The mission of the judiciary is to streamline the judicial process so that it is more accessible, efficient, straightforward, and affordable for everyday citizens. Justice that takes too long to be handed out might be counterproductive. As a result, the Constitution of India seeks to safeguard numerous fundamental rights of the people, including the right to fair and expeditious trials. No individual shall be deprived of life or liberty except in conformity with the method provided by law, as stated in Article 21 of the Indian Constitution. In light of this, it is well-established that merely establishing a system under which a person's liberty is taken is not sufficient; rather, the procedure itself must be "reasonable," "fair," and "just." Maneka Gandhi v.

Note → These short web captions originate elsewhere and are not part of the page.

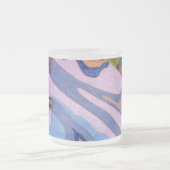 "Lavender" Abstracte kunst Matglas Koffiemok (Center)
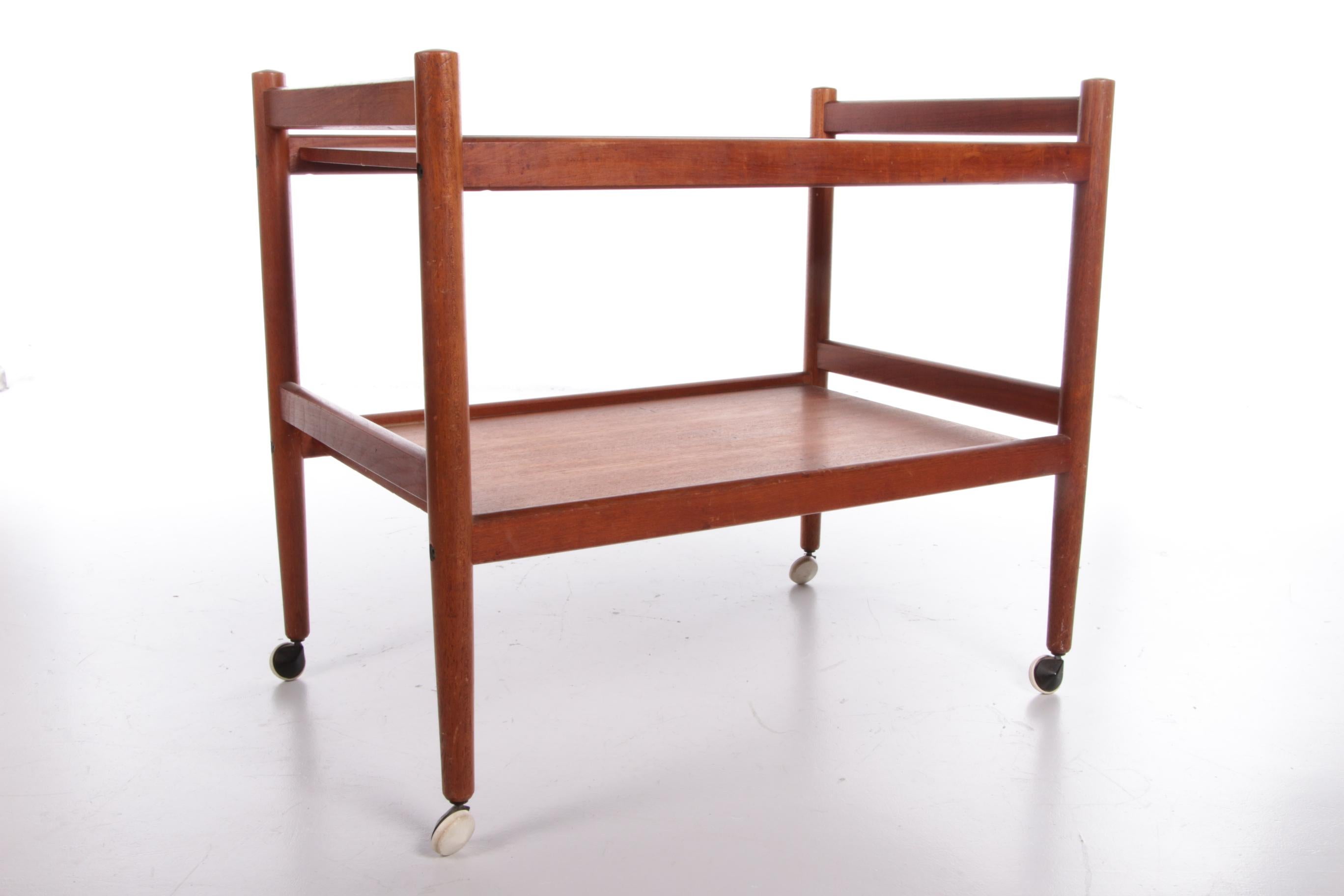 Vintage Danish Design Teak Wooden Trolley, 1960 Denmark 4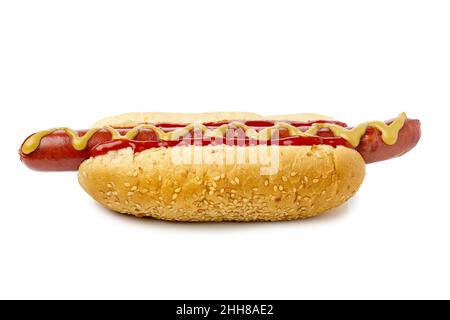 Hot Dog with huge sausage mustard and ketchup on white background Stock Photo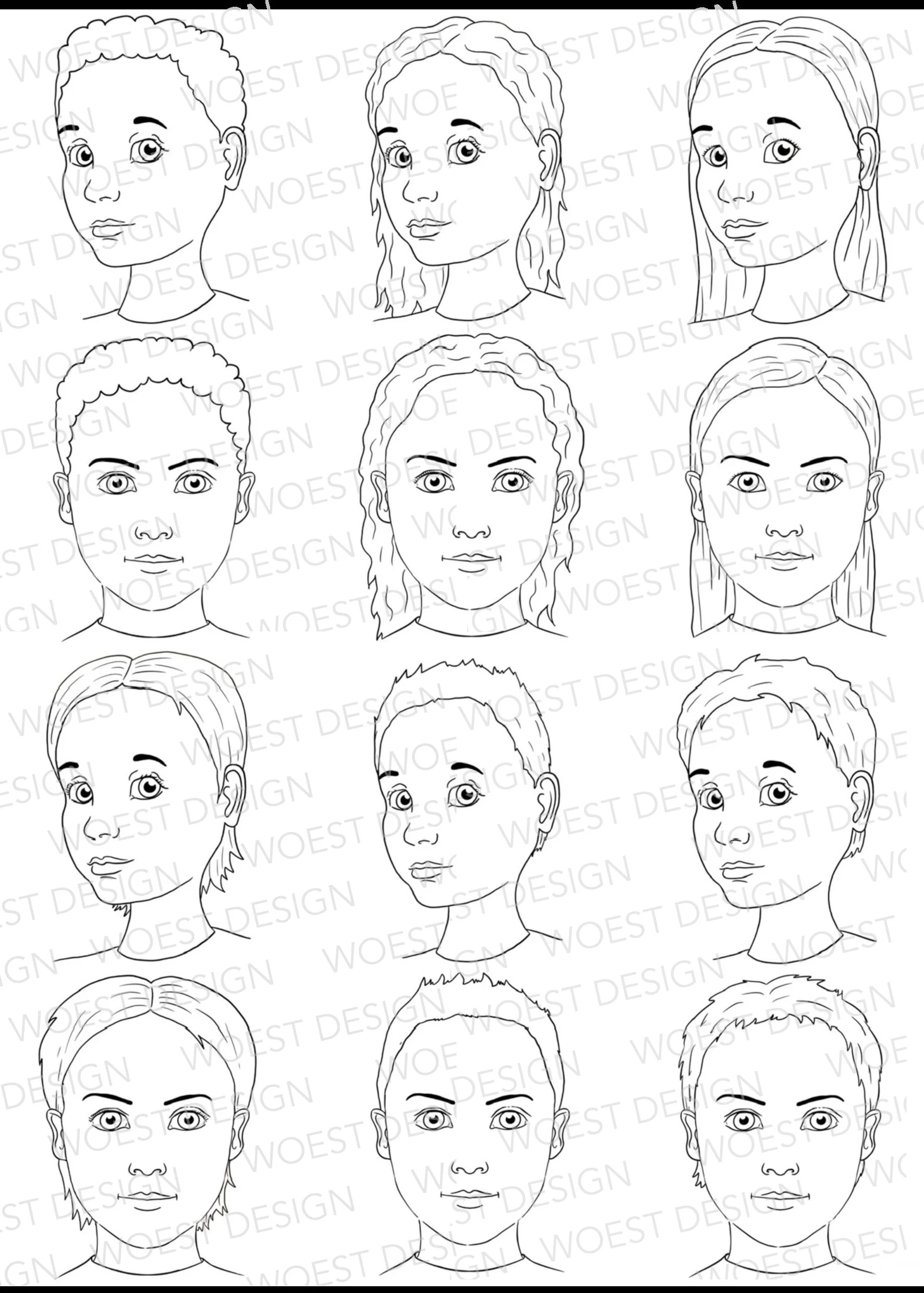 Blank Line Art Template Set B DIGITAL DOWNLOAD Face Paint Design 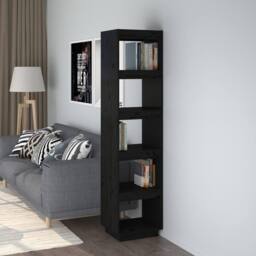 Berkfield Home Book Cabinet/Room Divider Black 40x35x167 cm Solid Wood Pine - Size: 40 x 35 x 167 cm - thumbnail 2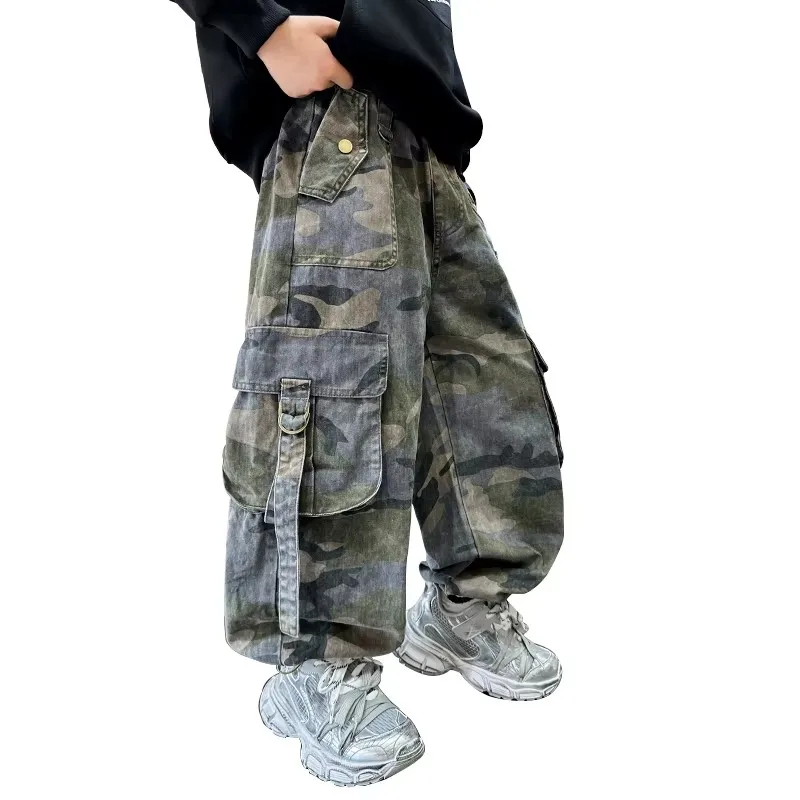 

Korean Kids Camo Cargo Pants for Boys 2025 New Spring Camouflage Print Cotton Casual Cargo Pants Children's Sport Trousers 5-14Y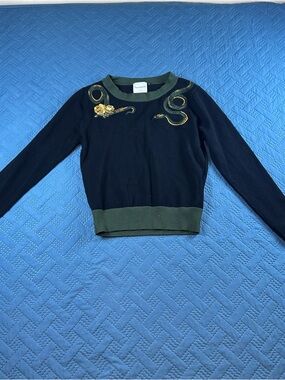 Black Crewneck Sweater with Olive Trim and Gold Embroidered Detail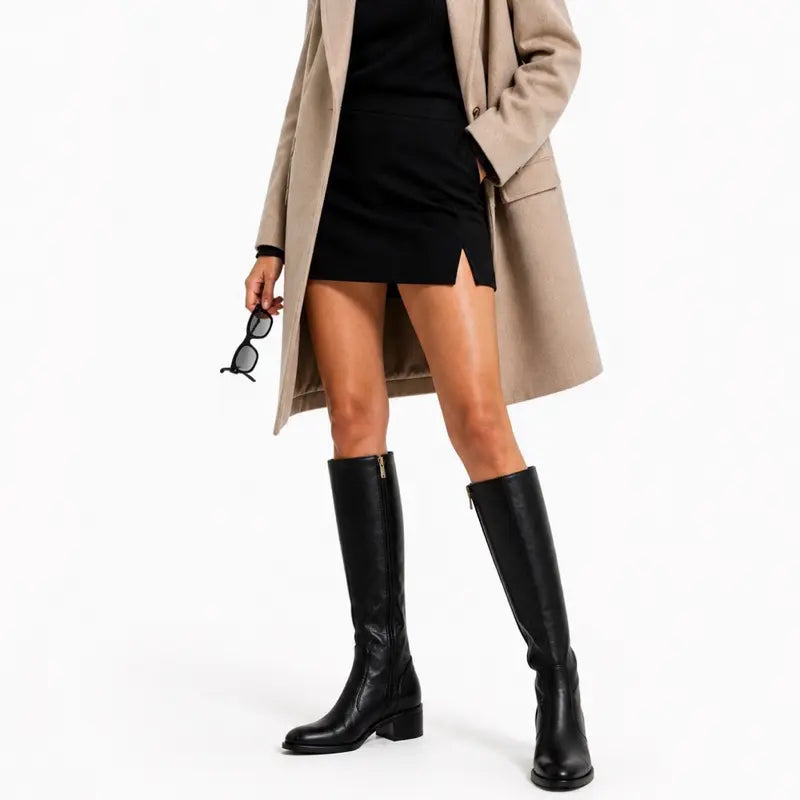 [COMPRE 1 E LEVE 2] Bota Longa Feminina de Couro Italiano com Zíper Lateral + Bolsa Transversal de Brinde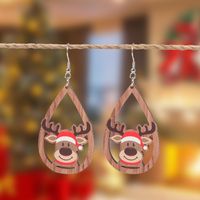 1 Pair Christmas Streetwear Santa Claus Snowflake Elk Arylic Wood Drop Earrings Earrings Ear Studs sku image 3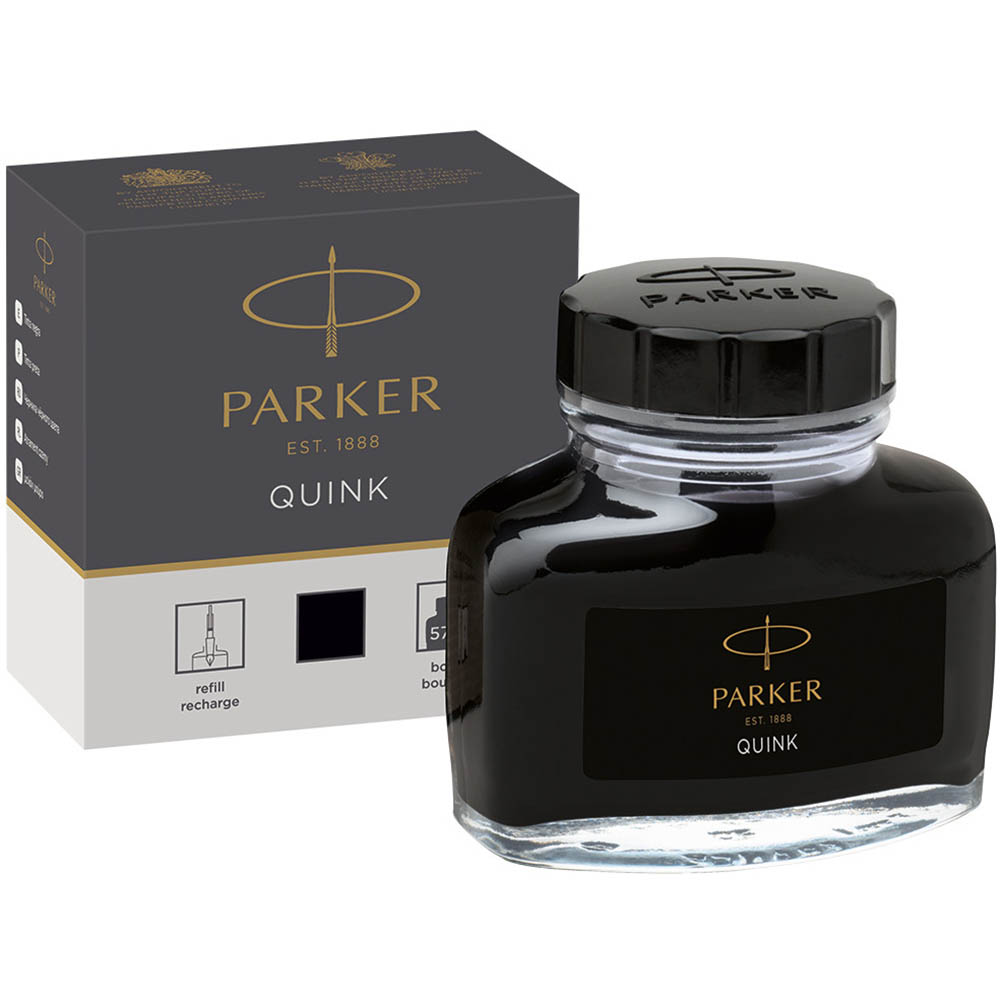 Image for PARKER QUINK FOUNTAIN PEN BOTTLE INK BLACK 57ML from Memo Office and Art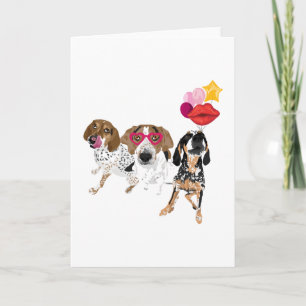 Coonhound Valentine Triad Karte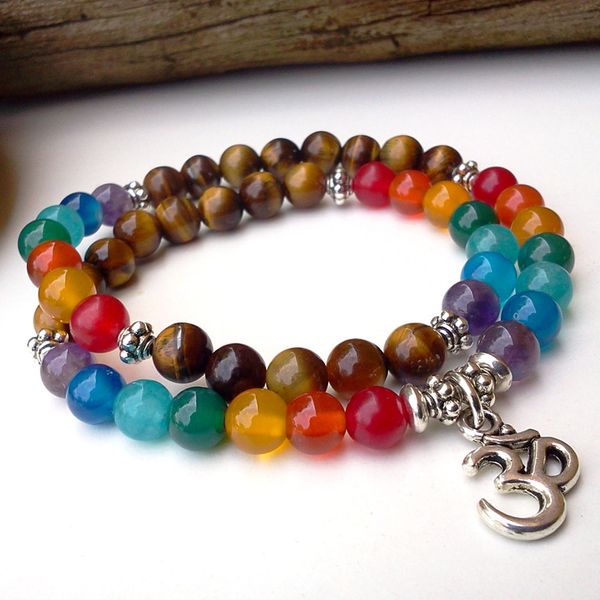 

sn0196 double wrap om bracelet yoga chakra bracelet aumtumn bead amethyst tiger eye agate bracelet for ladies, Black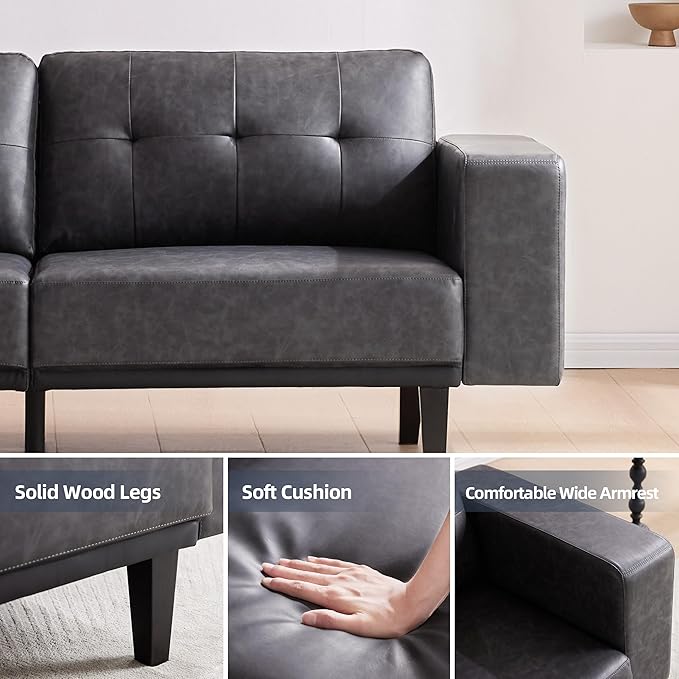 79” Leather Sofa Couches for Living Room, Oversized Loveseat Sofa, 3 Seat Mid Century Modern Couch, Faux Leather Couch Sofa, Love Seat with Solid Wood Leg, Bedroom Couch, Grey - LeafyLoom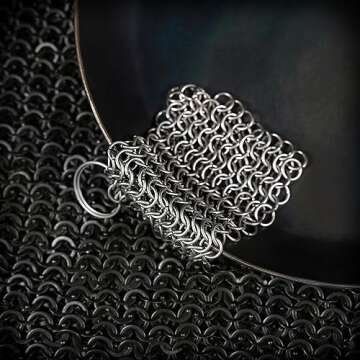 Mythrojan Cast Iron Cleaner, 3.9 Inches Rectangle Chainmail Scrubber with Hanging Ring Dishcloth Stainless Steel Chainmail Scrubber for Skillet, Wok, Pan & Pots Cleaner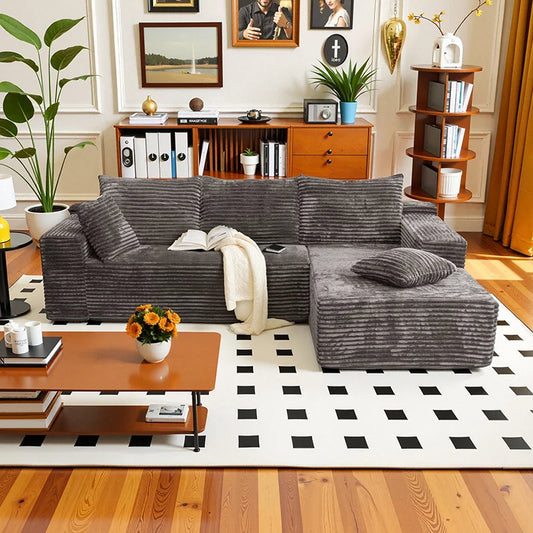 Corduroy L Shaped Sofa Bed With Deep Seat Comfort Durable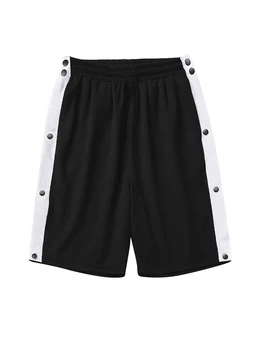 Мужские повседневные летние шорты с эластичной резинкой на талии в стиле пэчворк, свободные короткие брюки с боковыми пуговицами и боковыми карманами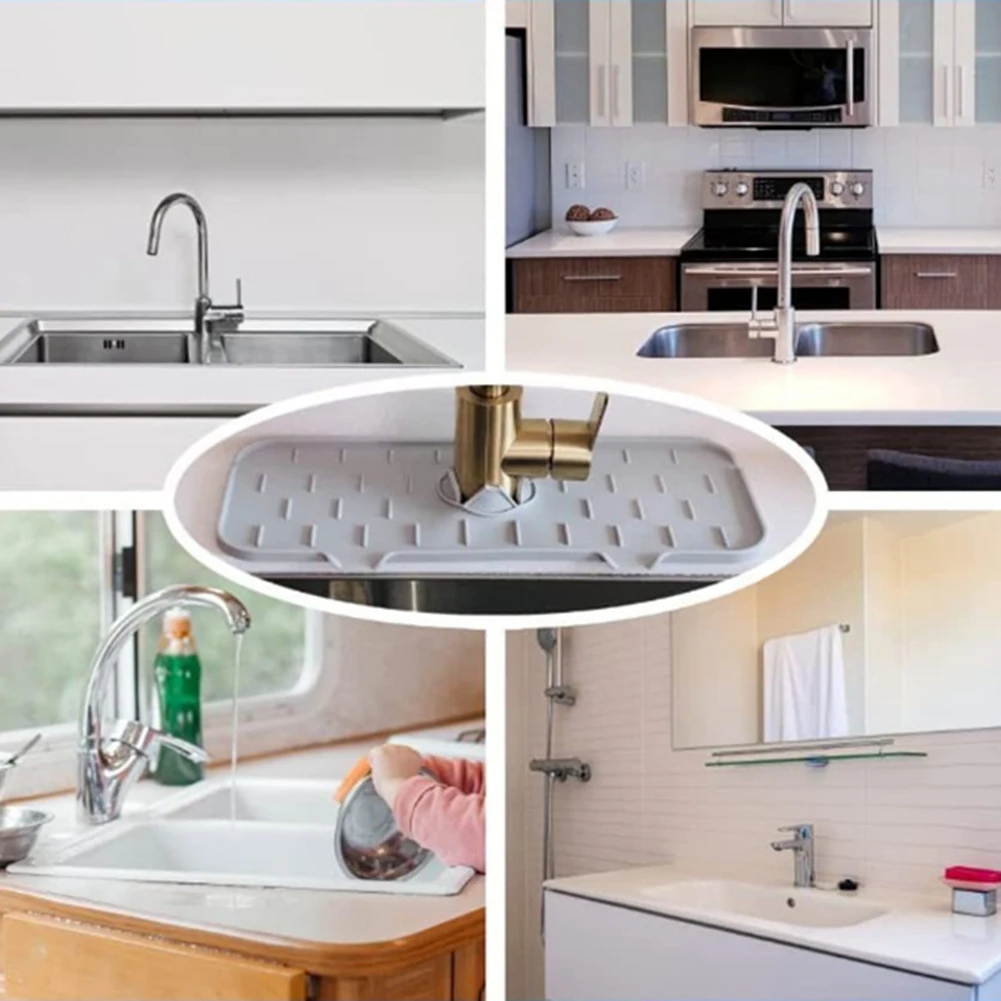 

Kitchen Faucet Absorbent Mat Sink Splash Guard Silicone Faucet Splash Catcher Countertop Protector For Bathroom Kitchen Gadgets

Union of India, 1978.
In a case with similar facts, Hussainara Khatoon v. Home Secretary, State of Bihar, Patna, (1979) ruled that the state must establish a mechanism to guarantee the speedy resolution of criminal proceedings. A'reasonable, fair, and just' procedure must include the right to a quick trial so that an accused person's life and freedom can be protected.
Article 21 guarantees the right to a fair trial, which is a service provided by the Indian judicial system. Both the victim and the accused need the case to go quickly and fairly. Irreplaceable for safeguarding human life and independence. Yet, the Indian judicial system has a number of structural issues that make it difficult for it to do its job. Regarding case backlogs and delays is one such issue. In 2018, around 30 million cases were pending in Indian courts. In order to preserve the efficiency and usefulness of the legal system, it is imperative that attorneys and academics investigate and develop new methods to minimise pendency. The article suggests a number of potential solutions and reforms.
Pendency has several causes on both the demand side (the growing number of fresh cases) and the supply side (the slow disposal rate). Demand-side causes include the expansive jurisdiction granted to the judiciary in the Indian Constitution, excessive government litigation, rapid social and economic changes leading to more disputes, and so on. Supply-side causes include civil and criminal procedure codes that do not encourage quick case disposal, the readiness of judges to hear complaints under their writ jurisdiction and to take suo moto (judicial action taken without any request by the parties involved) cognizance of matters, and the country’s large number of judicial vacancies.
Many experts have suggested that the Indian government should tackle the challenge of increasing pendency in Indian courts by appointing more judges to the bench. While this reasoning seems intuitive (and, undoubtedly, India has very few judges per capita compared to other leading economies), it is also important to consider the productivity of the country’s judges. To this end, judicial productivity is calculated as the ratio of judges to case disposals per year. While empirical evidence on this metric is sparse, one 2008 study suggests that judicial productivity in Delhi district courts is about half of that in Australian courts. Increasing the number of judges without finding ways to improve their productivity is, at best, a half measure.
The judicial officers at the subordinate courts in our country are working at the strength of 16000 against the sanctioned strength of 22,200 as of 1st April 2018. These leave 5300 posts vacant, which constitute around 24 per cent of the total sanctioned strength. The appointment of the High Court judges are articulated in Article 217 of the constitution, and the procedure for the appointment is outlined in the Memorandum of Procedure (MoP) which is considered lengthy. The Chief justice of the concerned high court recommends the nominee to the state government. Then it goes to the Union Law Ministry, which then sends it to the Supreme Court Collegium. It is a cumbersome procedure. The MoP has articulated a timeline for the completion of procedure stages. Still, they are not always adhered to, and the absence of an overall time limit for the completion of the process makes it more cumbersome.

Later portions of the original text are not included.